Deliverance (1972)

Article 3203 by Dave Sindelar
Viewing Date: 3-26-2010
Posting Date: 5-22-2010
Directed by John Boorman
Featuring Jon Voight, Burt Reynolds, Ned Beatty
Country: USA
What it is: Tense adventure drama

Four men from the city take a canoe trip on a backwoods river prior to the area being converted into a huge lake. When two of the men are sexually assaulted by backwoodsman, the other two come to their rescue and kill one of the assaulters. Then they are faced with a dilemma; report the incident to the police and face the danger of not being believed due to being strangers in a close-knit community, or try to cover up the incident. And the other assaulter is still out there…

I’ve always admired this harrowing exploration of what it must be like to be strangers in a strange land caught in a compromising situation, and the movie does such a fine job of exploring its various themes (civilization vs. wilderness, guilt, fear, what men will do when they are desperate, etc.) that it remains engrossing from beginning to end. Add to that the fine performances from the four leads (two of which, Ned Beatty and Ronny Cox, were making their movie debuts) as well as their courage and commitment (it’s amazing to see how well they remain in character while performing their own stunts), the bravura direction of John Boorman, the wonderful cinematography and the stunning use of “Dueling Banjos”, and you have an indelible cinematic experience. Even the minor parts are well performed, with Billy Redden as the banjo-playing boy, Bill McKinney and Herbert Coward as the two backwoodsman, and author James Dickey as a sheriff standouts. The occasional ambiguities only add to the tension of the story. I certainly don’t question this movie’s status as a classic.

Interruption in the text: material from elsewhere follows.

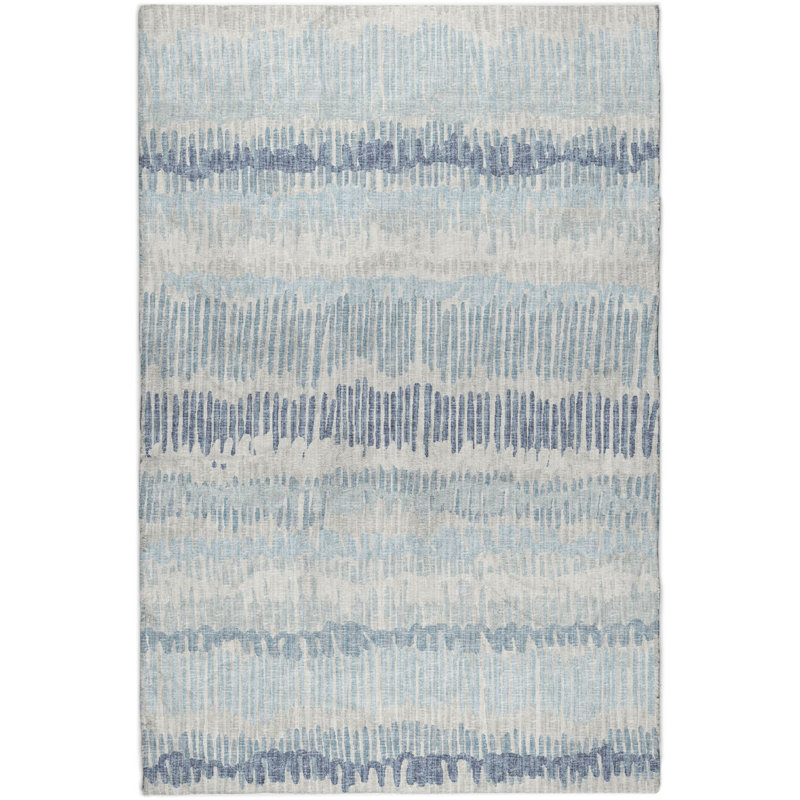 Premium Machine Washable Dream Shag Loops and Lines Rug, Blue, 3' x 5'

However, for this series, the main question is whether it qualifies for inclusion here. I’m covering it because “The Motion Picture Guide” classifies it as horror, but since I’ve questioned their genre assignments, I feel compelled to do so again. There’s no doubt that it’s scary at moments, and the whole story could be described as nightmarish, but it’s really not a horror-style nightmare. Perhaps the most relevant element in this regard is the movie’s touching upon the concepts of degeneracy and inbreeding, especially during the opening scenes. Still, on a lighter note, I can’t help but remember a segment of SCTV in which Count Floyd hosts a “scary” talk show, with one of his guests being the banjo-playing boy from this movie.